Exercise prompt:
Each record should be given again exactly as it appears, with no image included.

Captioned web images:
• • • • •

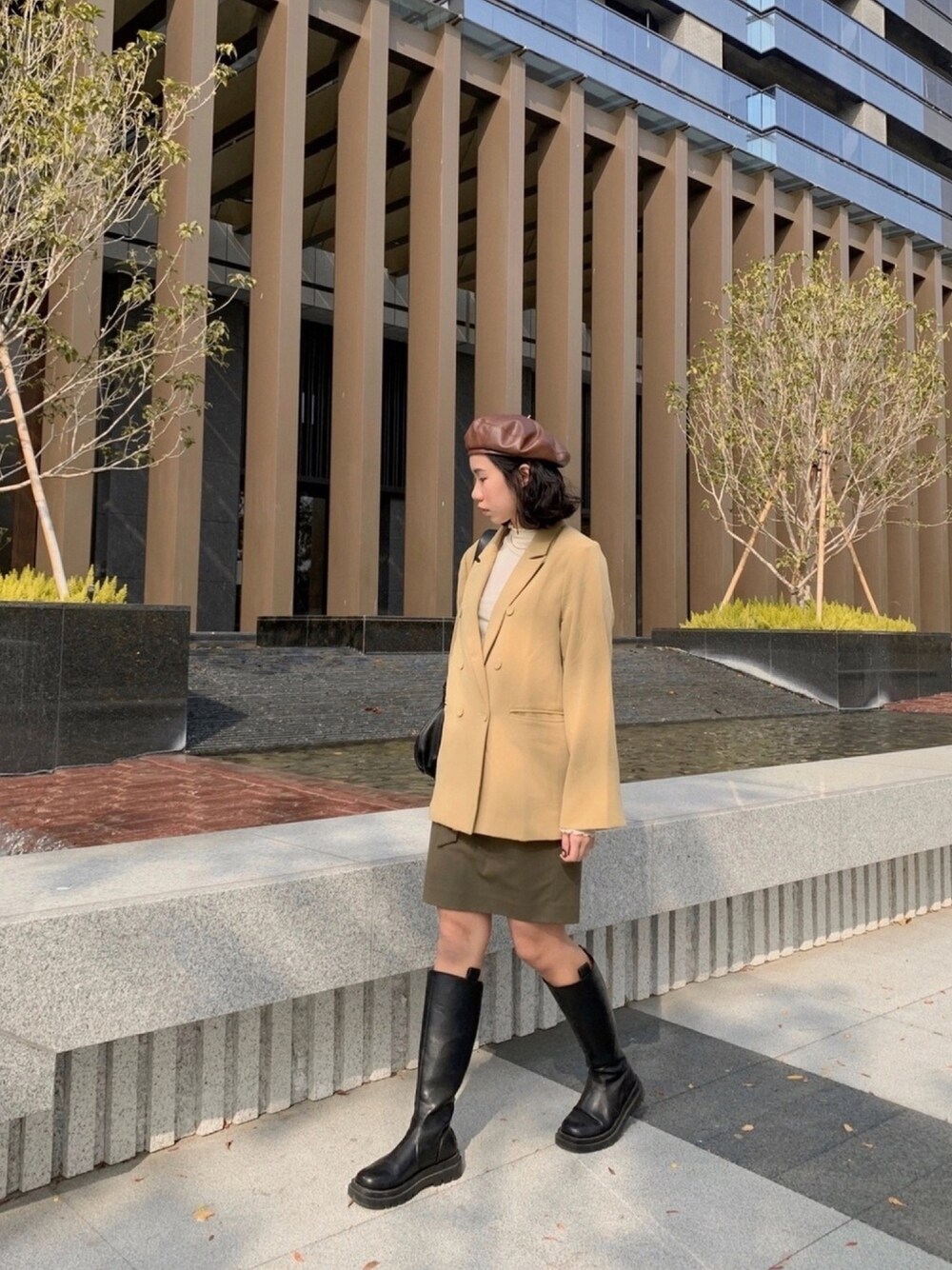 「ootd、韓系、長靴、outfit、秋冬コーデ、ootdtw、西裝外套、mouggan、mouggan girl」｜「mougganのアイテム（テーラードジャケット、イエロー系）」を使った、Yuen Duさん（レディース・167cm）の冬コーディネートの1枚目の写真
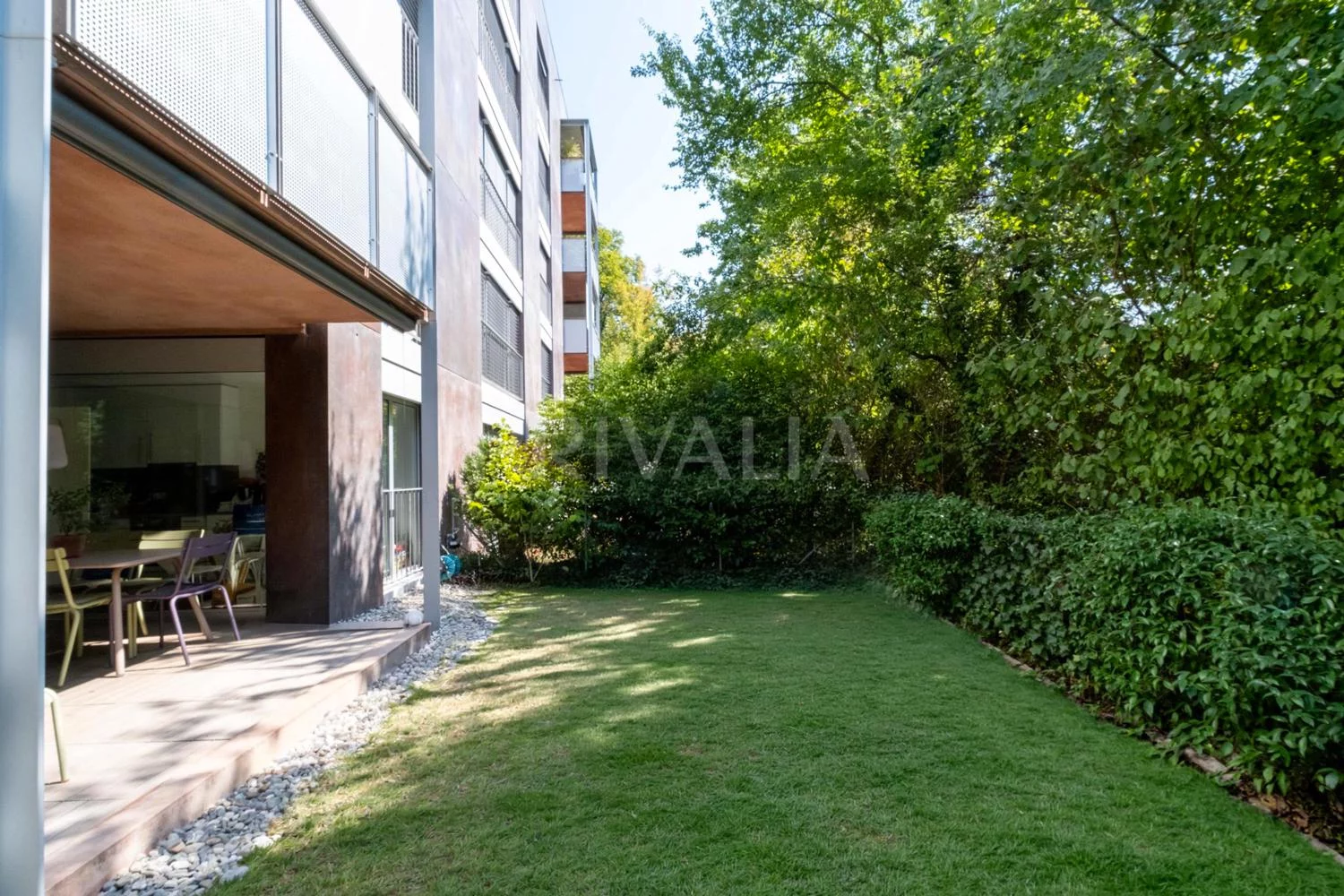 Magnifique appartement contemporain en rez-de-jardin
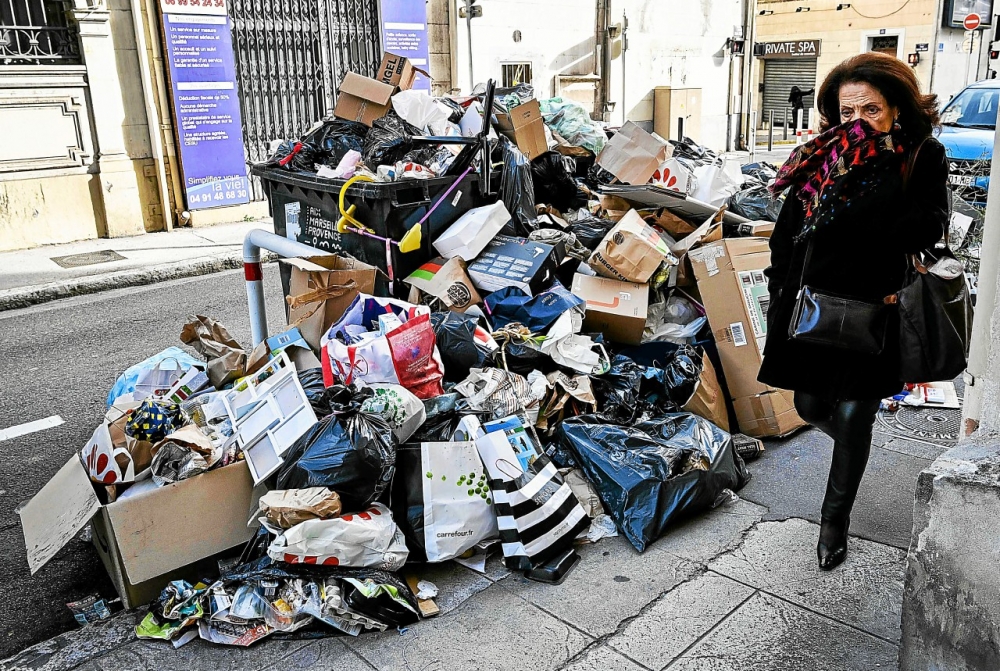 ​Des soldats ont-ils été réquisitionnés pour ramasser les déchets à Paris ?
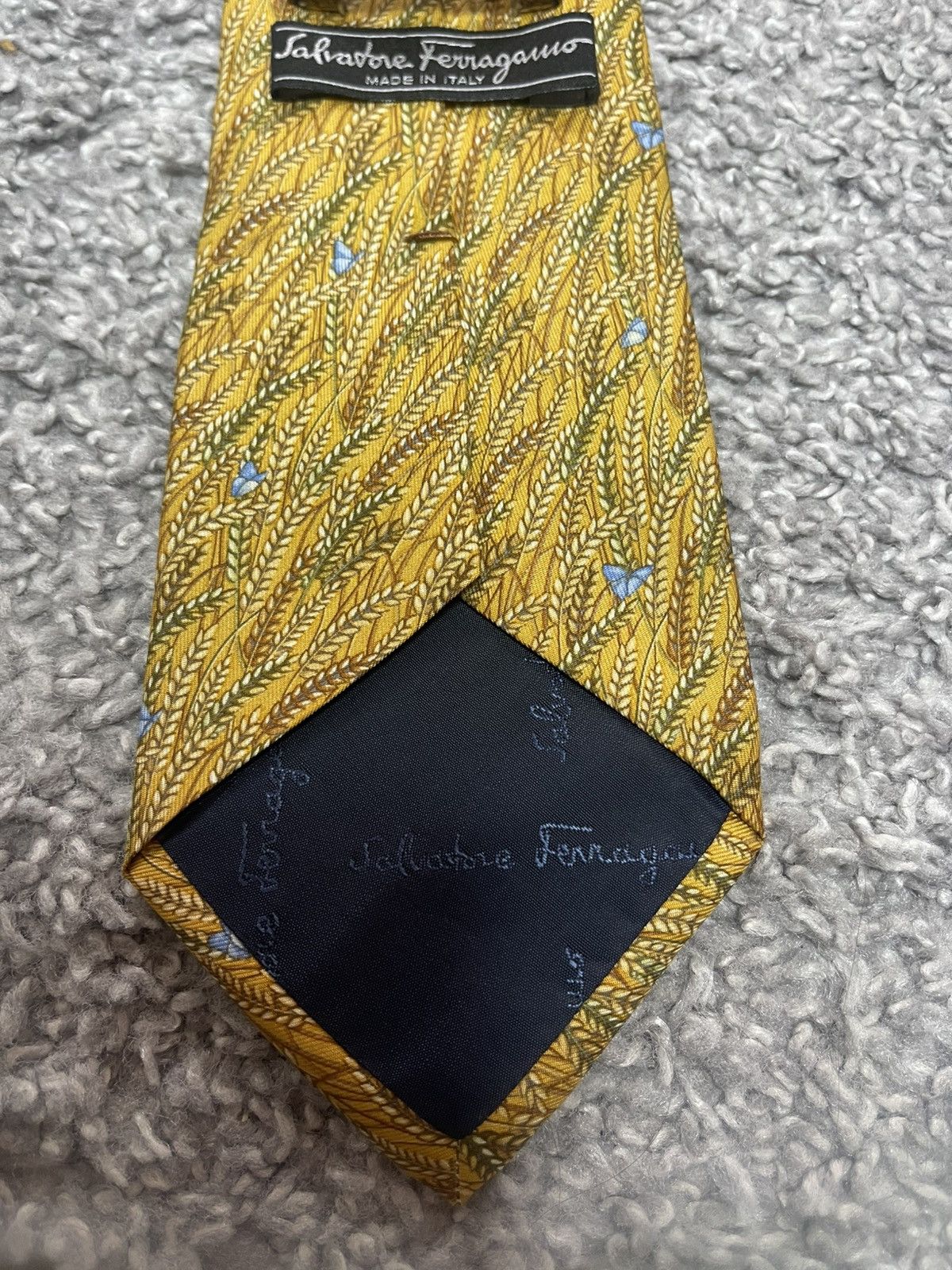 Salvatore Ferragamo × Vintage SALVATORE FERRAGAMO FLORAL ALL OVER PRINT SILK ITALY VINTAGE Size ONE SIZE - 4 Thumbnail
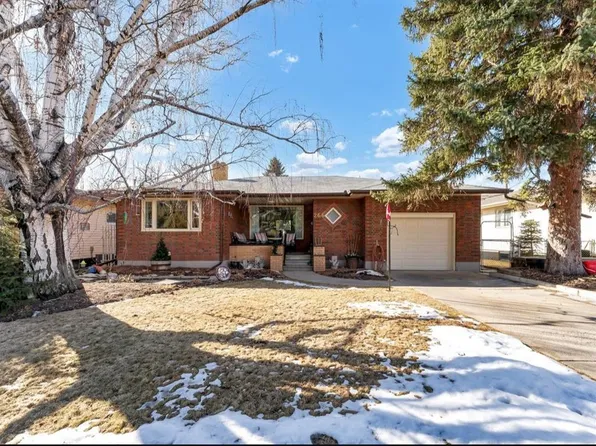 266 E 6th Ave NW, Medicine Hat, AB T1A 6T5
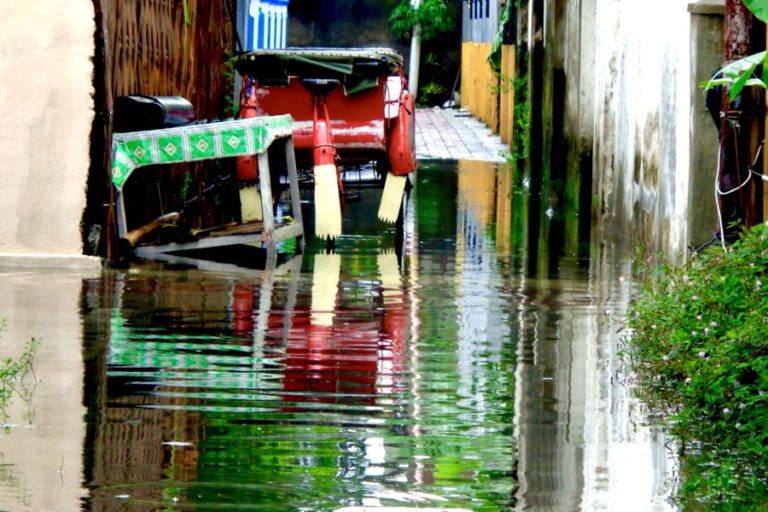 Antisipasi Banjir, Wali Kota Jakarta Barat Minta OPD Lakukan Monitoring Genangan 24 Jam Penuh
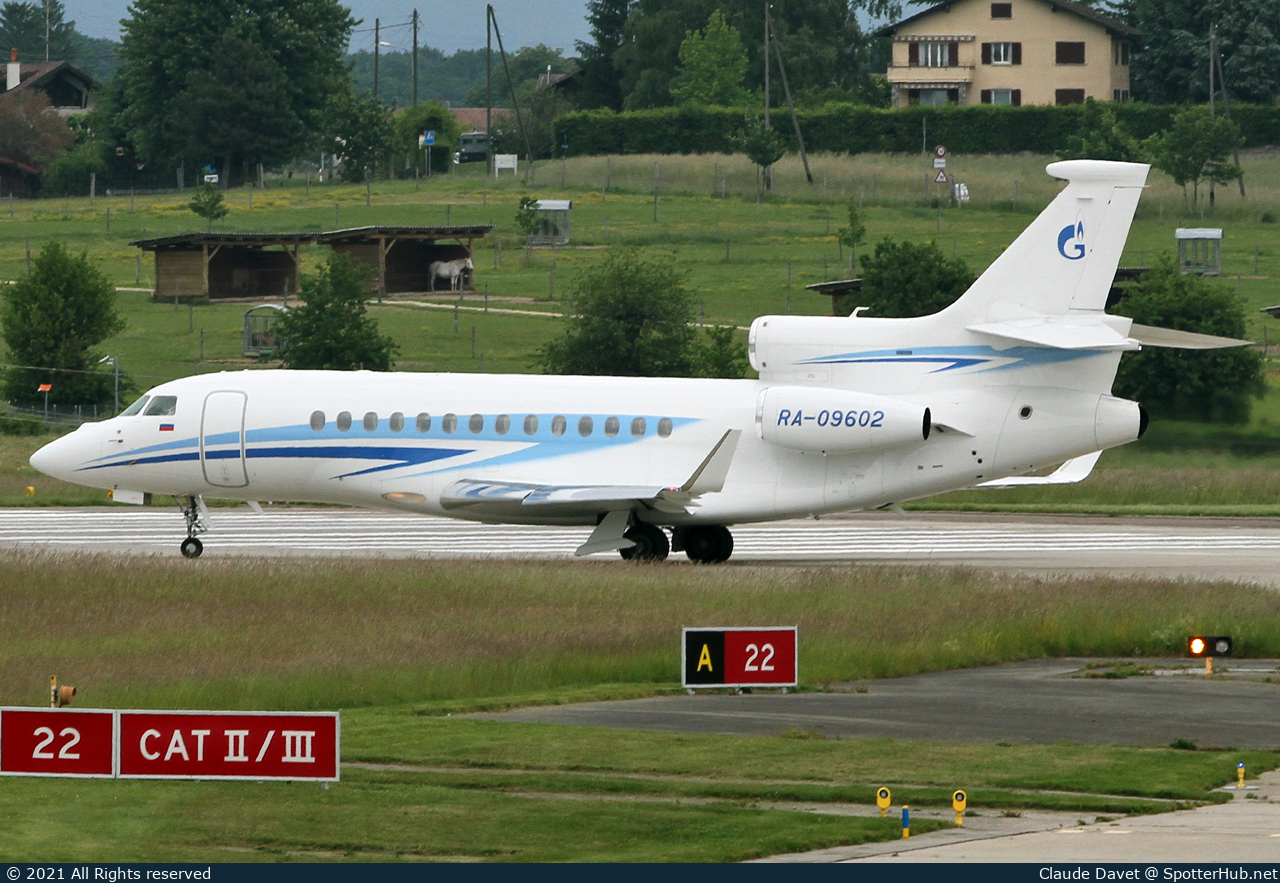 Photo of RA-09602 - Dassault Falcon 7X operated by Gazpromavia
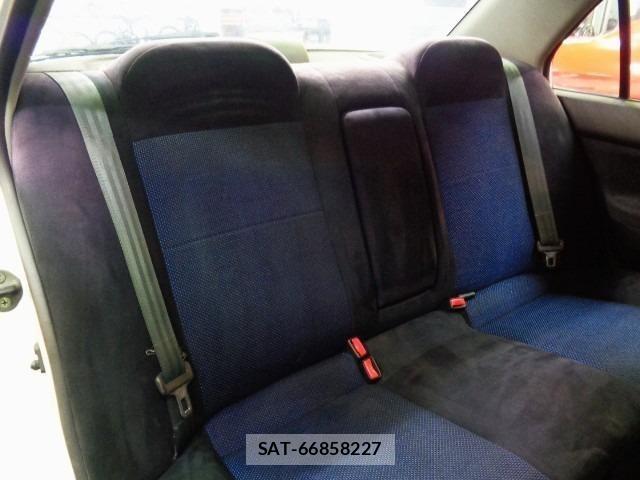 Mitsubishi LANCER 2001 8677958-36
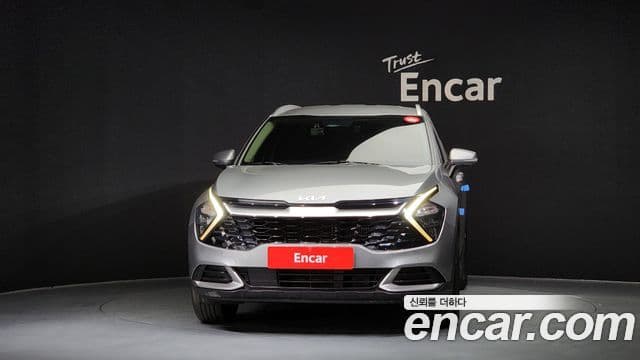 Kia Sportage 2022 — ფოტო 3/20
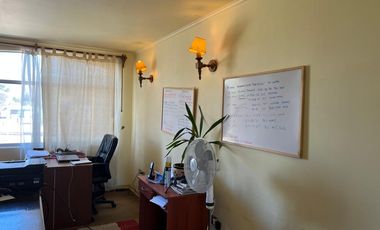 EDIFICIO CASABERMEJA - DEPARTAMENTO PLENO CENTRO.-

• • • • •

Solution:
 「ootd、韓系、長靴、outfit、秋冬コーデ、ootdtw、西裝外套、mouggan、mouggan girl」｜「mougganのアイテム（テーラードジャケット、イエロー系）」を使った、Yuen Duさん（レディース・167cm）の冬コーディネートの1枚目の写真
 Magnifique appartement contemporain en rez-de-jardin
 ​Des soldats ont-ils été réquisitionnés pour ramasser les déchets à Paris ?
 Salvatore Ferragamo × Vintage SALVATORE FERRAGAMO FLORAL ALL OVER PRINT SILK ITALY VINTAGE Size ONE SIZE - 4 Thumbnail
 266 E 6th Ave NW, Medicine Hat, AB T1A 6T5
 Antisipasi Banjir, Wali Kota Jakarta Barat Minta OPD Lakukan Monitoring Genangan 24 Jam Penuh
 Photo of RA-09602 - Dassault Falcon 7X operated by Gazpromavia
 Mitsubishi LANCER 2001 8677958-36
 Kia Sportage 2022 — ფოტო 3/20
 EDIFICIO CASABERMEJA - DEPARTAMENTO PLENO CENTRO.-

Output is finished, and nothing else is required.